**WHAT YOU HAVE TO DO:** Print the data exactly as written, line for line, and leave its pictures behind.

**DATASET EXCERPT:**
········
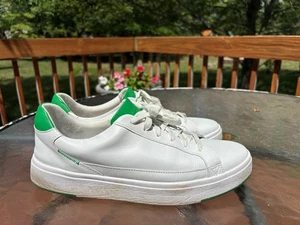 Kizik Vegas Mens Shoes Size 13 White Green Leather Lace Up Hands Free - Picture 1 of 9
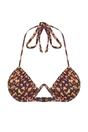 Multi WOVCOR Multi Leopard Print V Wire Padded Balconette Bikini Top with Halterneck, Image 2 of 5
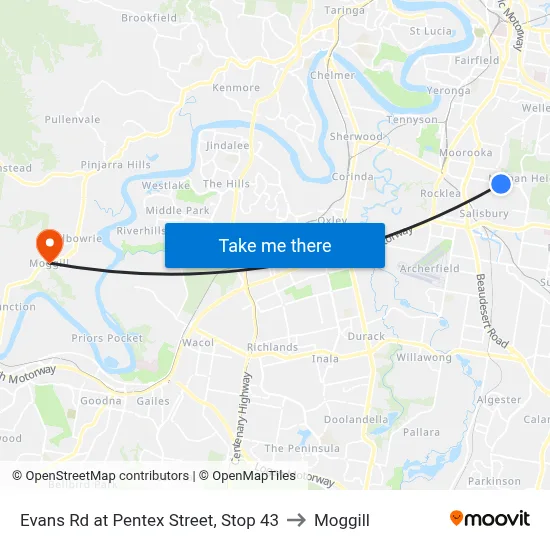 Evans Rd at Pentex Street, Stop 43 to Moggill map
········
**OUTPUT:**
 Kizik Vegas Mens Shoes Size 13 White Green Leather Lace Up Hands Free - Picture 1 of 9
 Multi WOVCOR Multi Leopard Print V Wire Padded Balconette Bikini Top with Halterneck, Image 2 of 5
 Evans Rd at Pentex Street, Stop 43 to Moggill map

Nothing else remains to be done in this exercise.